This is a rather odd question about zfs levels and vdevs

This is a random thought while eating lunch…

It is standard someone to say with a raidz2 setup for a pool two drives can be lost without data loss. That is true.

Pools themselves are made of one or more vdevs which contain the drives and the drive configuration such as mirror, z1, z2, z3.

So when someone talks about having a pool with a raidz2 setup and it can lose 2 drives without data loss that is true to a point. I ask because if a pool consists of two vdevs and each vdev is configured as a raidz2 then the pool itself could lose up to 4 drives without data loss provided the loss was distributed so each vdev lost no more than 2 drives. Correct?

Yes.

2 Likes

Correct, but redundancy really is at vdev level: If you lose a whole vdev, you lose the pool.
So a pool of multiple raidz2 vdevs can be entirely lost by the failure of no more than three drives, no matter how many vdevs there are. More vdevs provides more space and more performance, but not more resiliency.

True.

is this where hot spares come in play? Temporary mitigate failure of pool

That’s not specifically related to the question, but hot spares are a way to limit the time when a pool is degraded.
As you can see from some recent threads, raidz2 is supposed to be reasonably resilent… but if one doesn’t react quickly to a first failure, it only takes overheating drives or a port multiplier going in the way to end up in a bad place.

2 Likes

Indeed.

All the recent posts got me debating if I should turn my cold spare into a hot one…

Maybe.

2 Likes

Unless you don’t have easy access to the server, I wouldn’t. A hot spare is wearing out at the same rate as a disk that’s part of the pool. If you think a “hot spare” is appropriate, consider RAIDZ3 instead of RAIDZ2.

4 Likes

Exactly.

1 Like

The recent posts on lost pools is what made me think of the question.

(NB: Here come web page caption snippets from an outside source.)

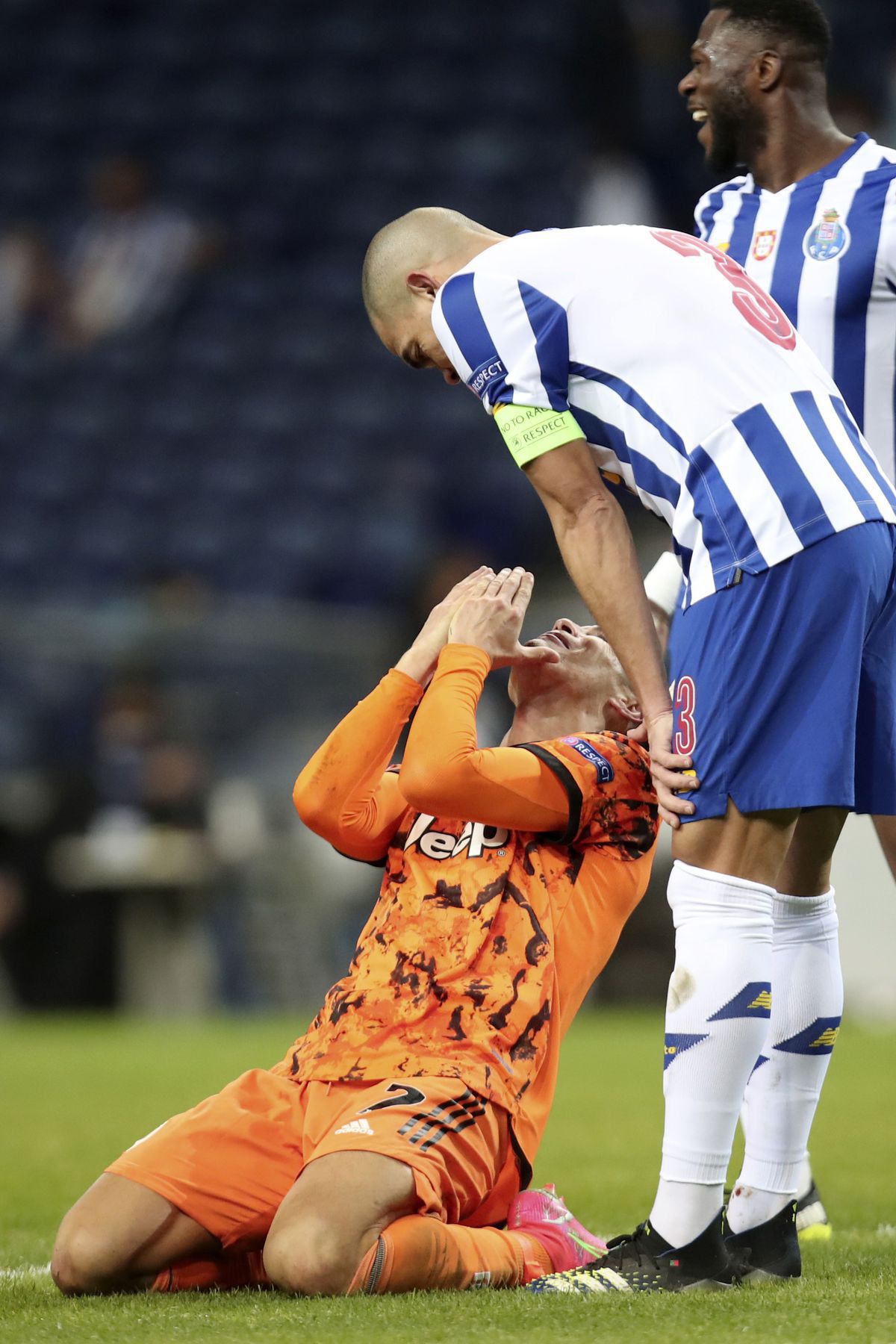 Cristiano Ronaldo kľačí pri bývalom...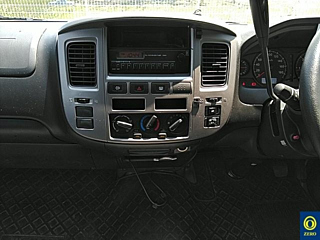 NISSAN CARAVAN VAN 2009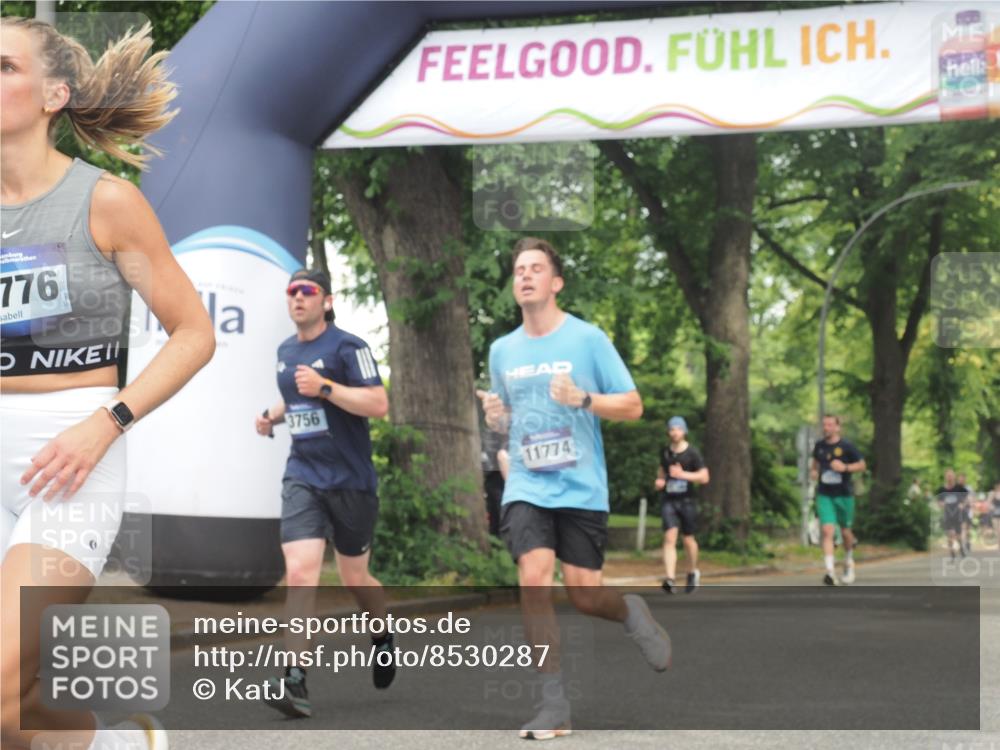 29.06.2025 - hella hamburg halbmarathon KatJ http://msf.ph/oto/8530287 29.06.2025 10:57:48 Zwischen KM18-KM19 3756, 7346, 8001 meine-sportfotos.de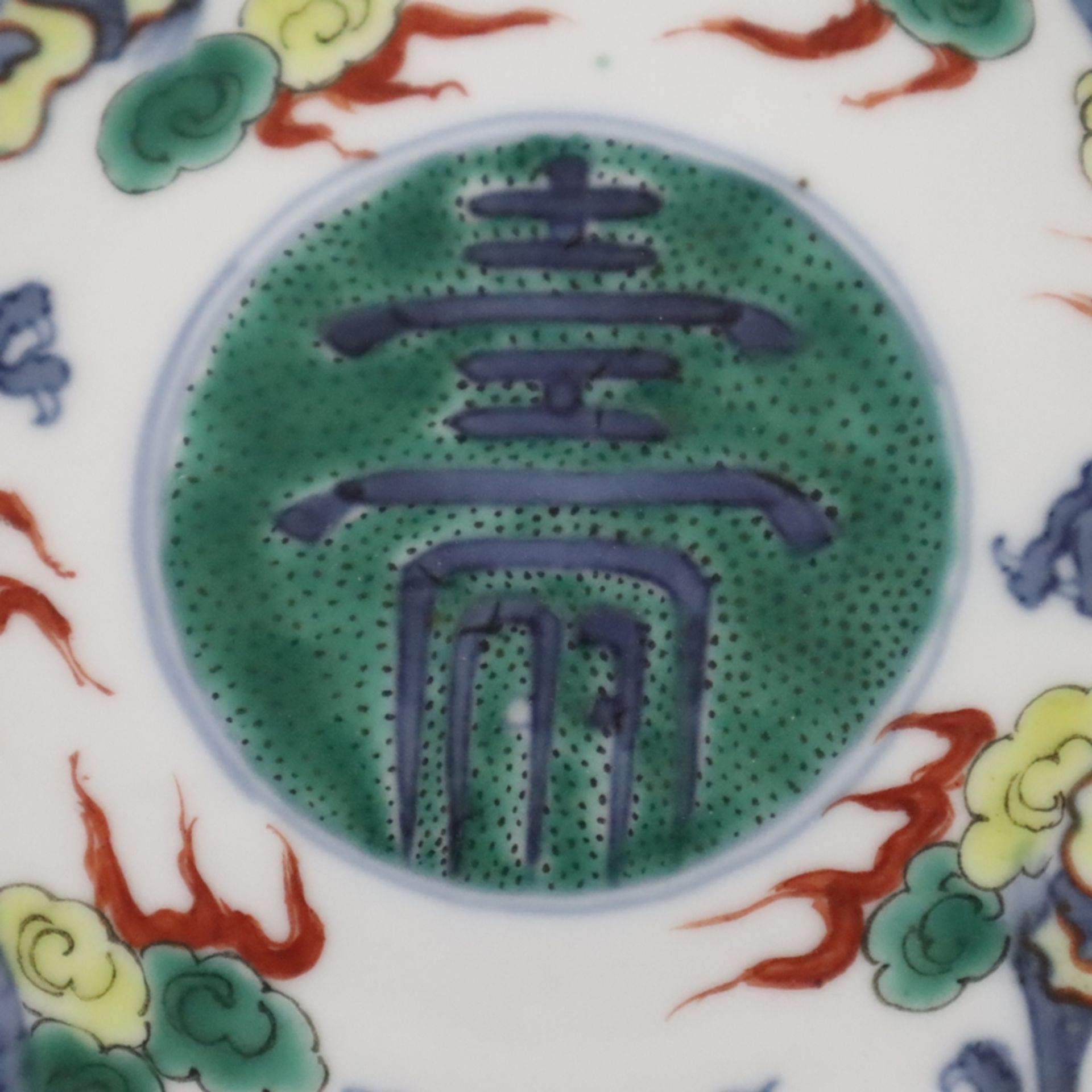 Drachenteller - China, runde Form dekoriert in Unter- und Aufglasur mit Drachenpaar in Wolken, Flam - Bild 2 aus 8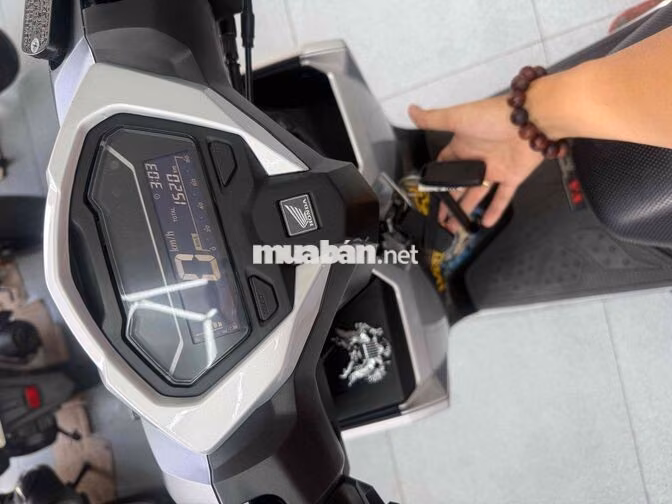 Vario 125 V3 2026 Bạc Porsche 1500km GÓP CẦN CCCD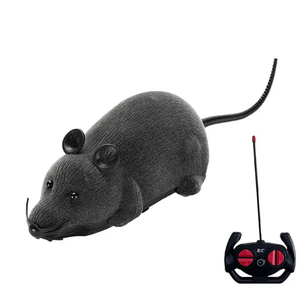 Remote-Controlled Squeaky Mouse Toy for Cats & Dogs - Durable Plastic, Ideal for Small Breeds (Batteries Not Included)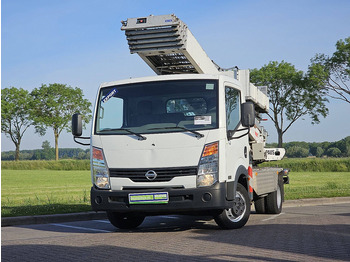 Van NISSAN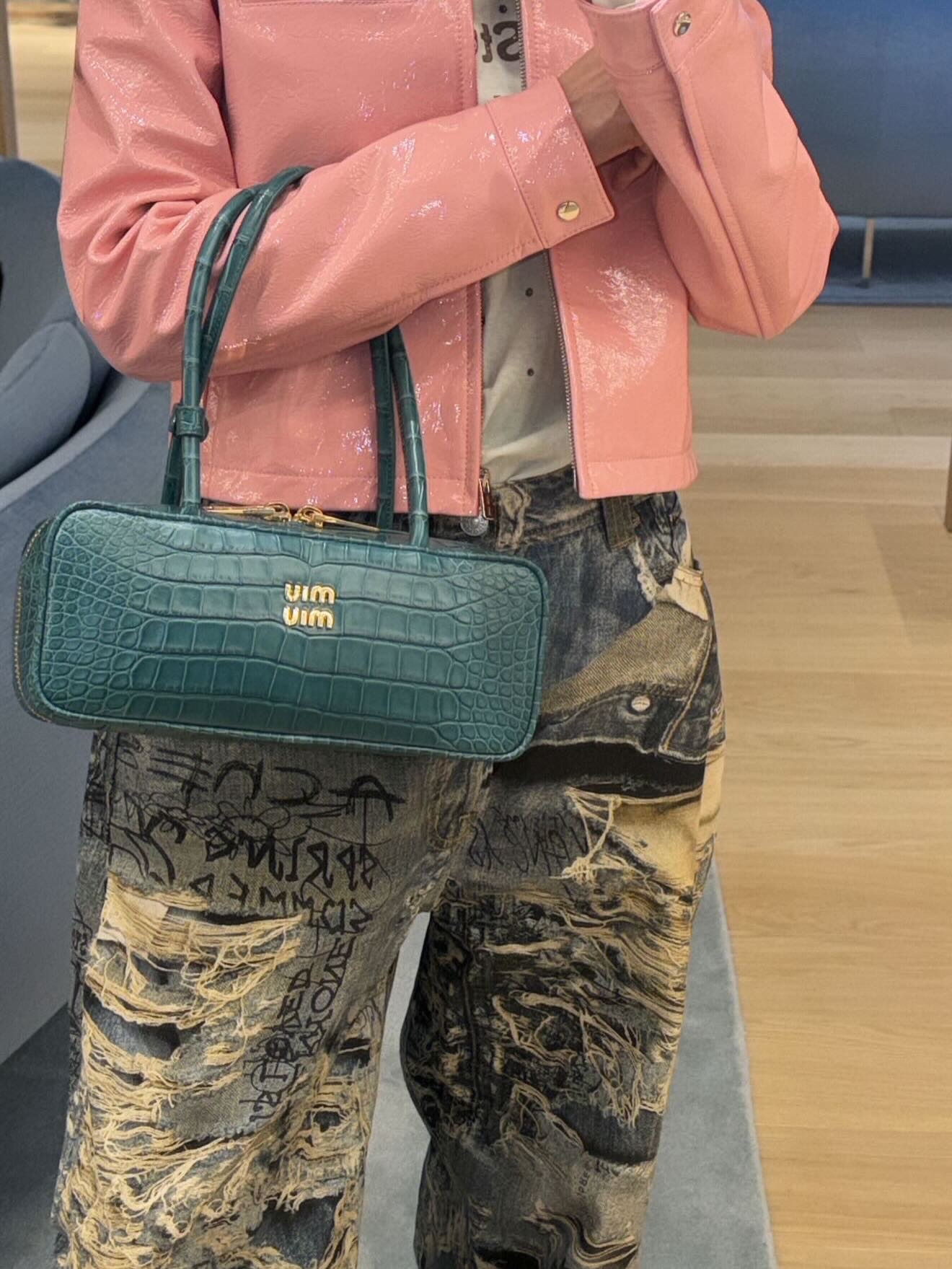 อิ๊งค์ - ภัทรานิษฐ์ วิริยะบำรุงกิจ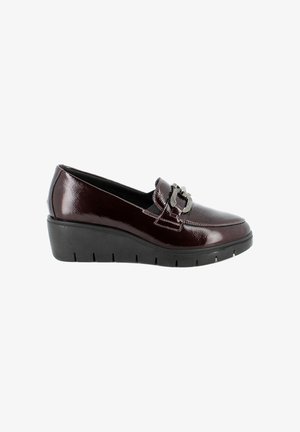 Scarpa in vernice bordeaux con tacco a zeppa, caratterizzata da una decorativa fibbia argentata e una suola texturizzata.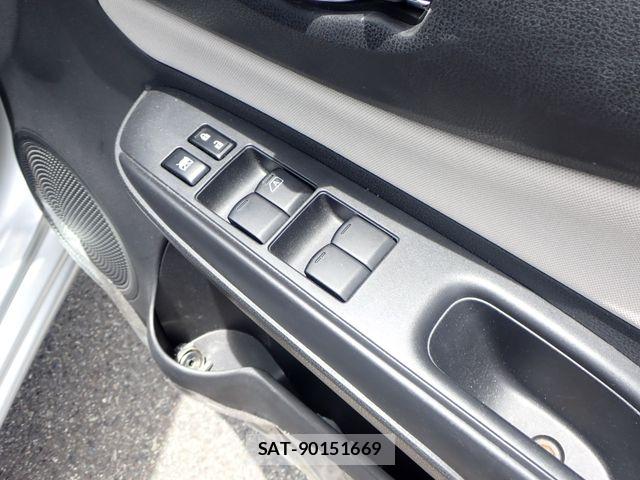 Nissan NOTE 2017-06 8037369-19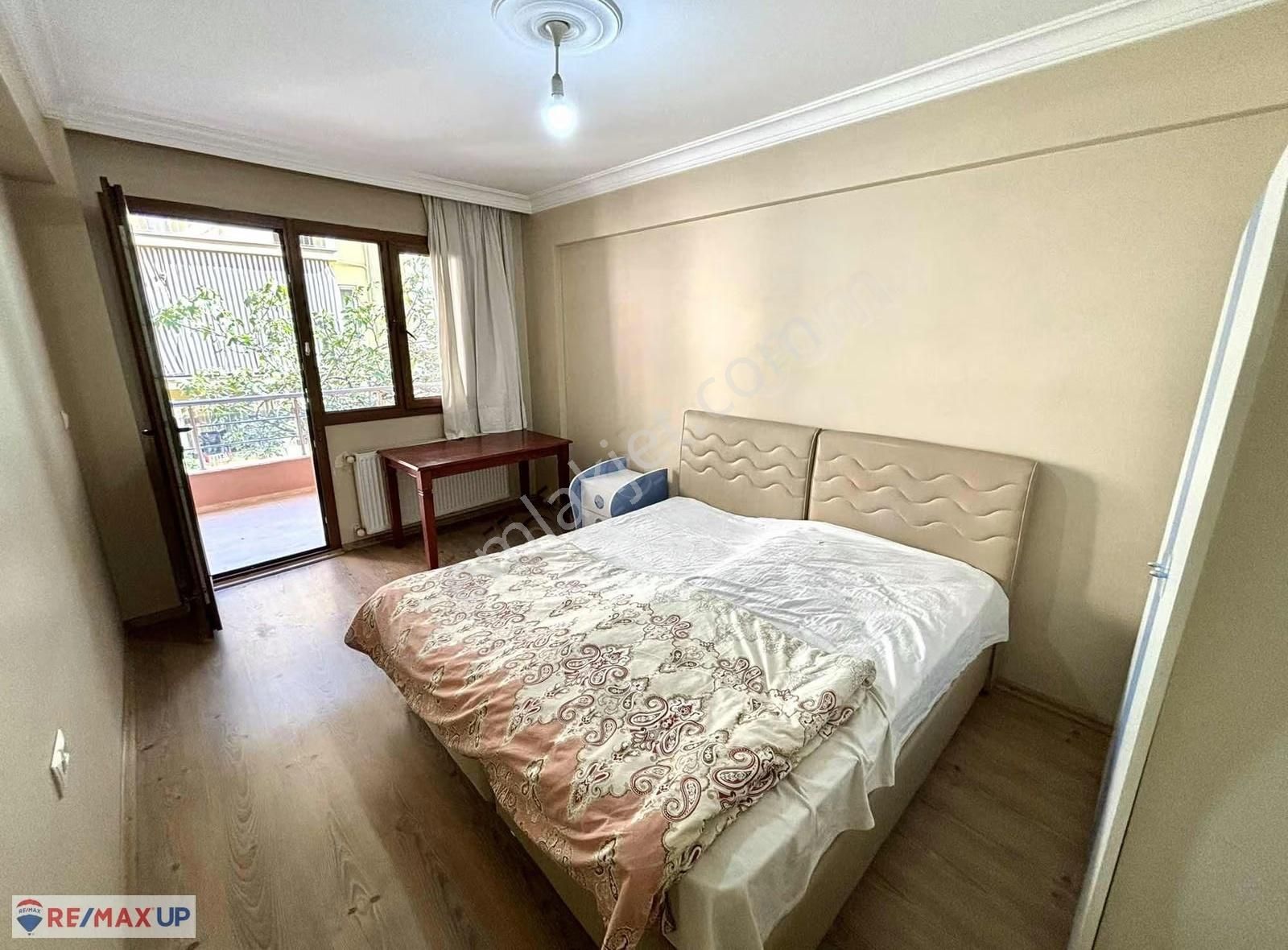 Satılık Hasanağa Yakını Çift Cephe, Çift Balkon Fırsat 2+1 Daire - Görsel 2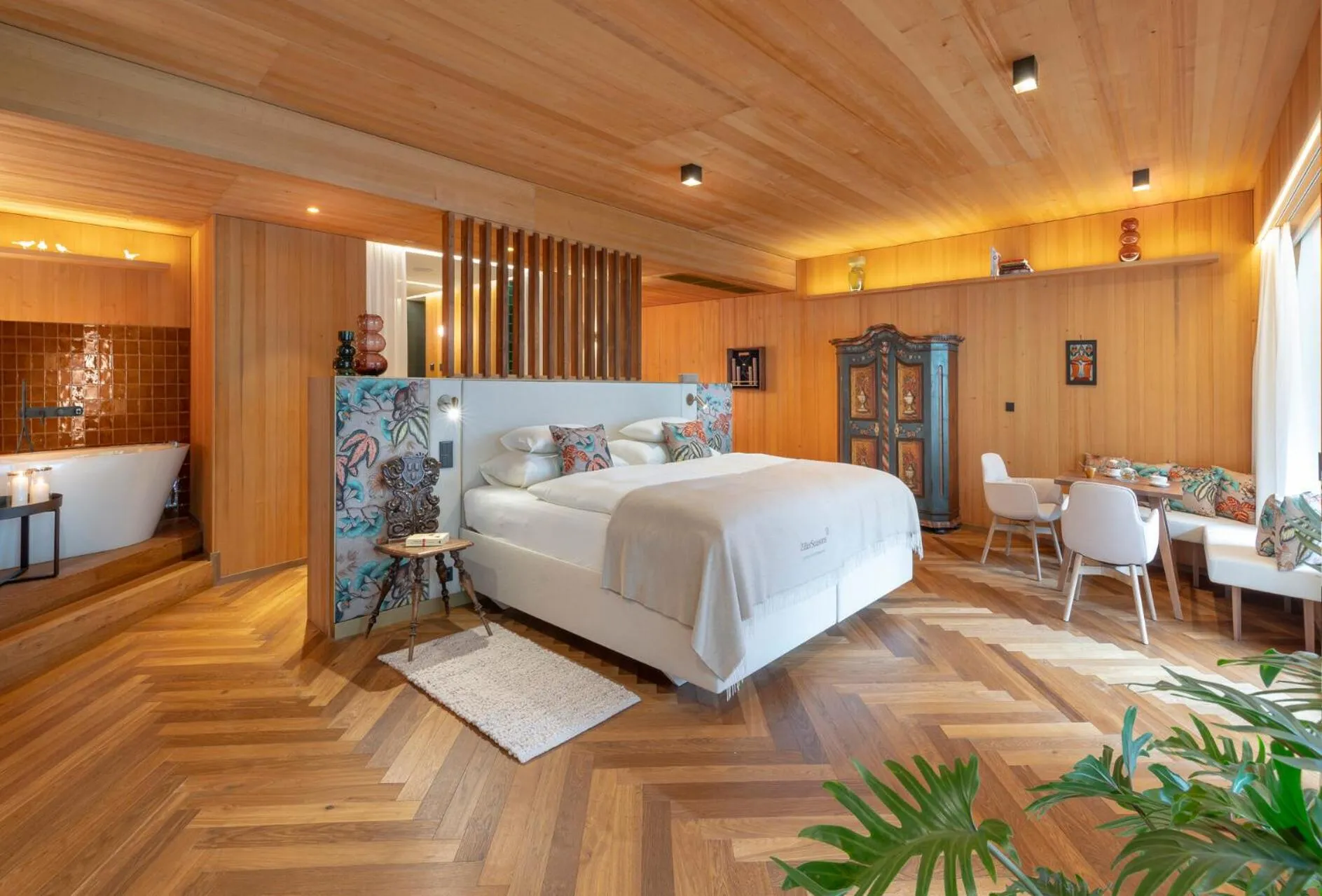 Photo of the whole room, Bed in MalisGarten Green Spa Hotel - Adults Only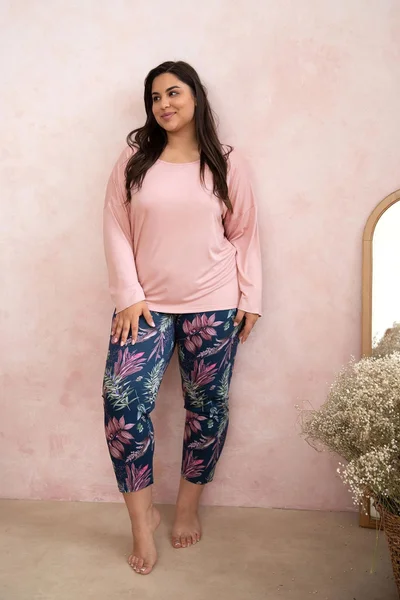 Bavlněné dámské pyžamo s capri kahotami Taro plus size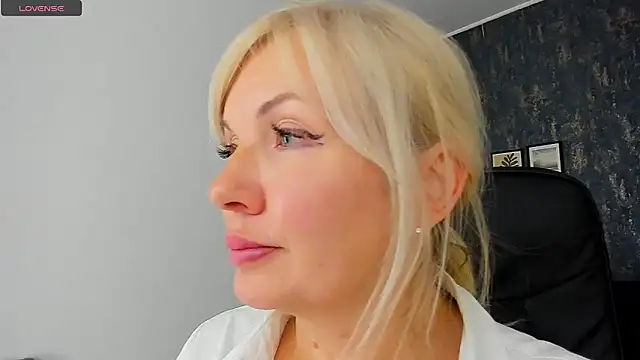 Abby Moore  online show from 12.05.24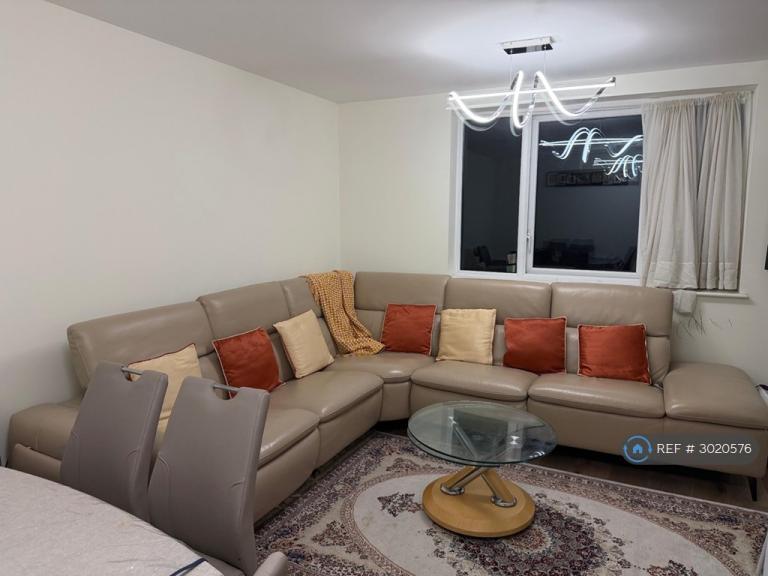 2 bedroom flat in George Court, Hayes, UB3 (2 bed) (#3020576)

…and that is what BACKUPS (in plural) are for…

2 Likes

This.

@winnielinnie confirmed paying by the word to post

5 Likes

I’m really surprised they don’t have systems with “hot spares” that are actually kept powered down unless they’re needed due to a disk failure.

1 Like

In some ways, that would be an Enterprise like feature. I am not saying consumer hardware can’t have such a thing. Or should not have such a thing. I can imagine such a feature would be less wanted in the consumer hardware space if it costs more.

Some HDDs have the ability to stay in reset mode, based on the old 3.3v SATA / SAS power line. That 3.3v line has been repurposed for a bit of high availability. A disk enclosure can then power up drives in sequence to avoid high current load on power up. Or even reset a drive that appears to be hung. Then in theory, SAS enclosure services could allow program access to such a feature.

Another way to look at it, is to have several cold spare HDDs and cycle them through your server like rotating the tires on your car. (At least back in the bad old days when your vehicle’s spare tire was of the same size & type as the 4 running tires…) If you did such a HDD rotation, this might help people to first verify backups before disk changes. And next, practice disk changes before the excrement hits to rotating impellers.

I guess my question is: isn’t this feature common in enterprise hardware? I can understand why it would not be in consumer hardware, but it seems like a no-brainer in enterprise hardware. Surely enterprises aren’t running racks of expensive hard drives for thousands of hours, doing nothing and just waiting for other drives to fail.

I’m unsure about Scale/CE because I’ve not upgraded yet, but Core has the ability to set a individual disk to spin down, could this be used to spin down a hot spare?

Imagine a hot spare won’t be accessed unless its being used to replace a failed hdd at which point it would spin up, or would TrueNAS access it occasionally for other tasks and cause it to spin up again ?

As @dan has mentioned correctly, a cold- or hot- spare does not really make much sense.
If you already have spent your money on that HDD, you should use a RaidZ3 setup, because then in case of any failure, your system ALREADY has 3 parity.
In case of a spare, the system have to resilver the pool and that is a long lasting (it can easily take longer than a day for a 16+TB drive), high load on the individual HDDs.
That is a really sensitive period, because, if you used a Z2 in the beginning, and the first drive is dead, you are one (and a half) HDD failure away from the data loss. If you set it up Z3 in the first place, you are 2 (and a half) failure away.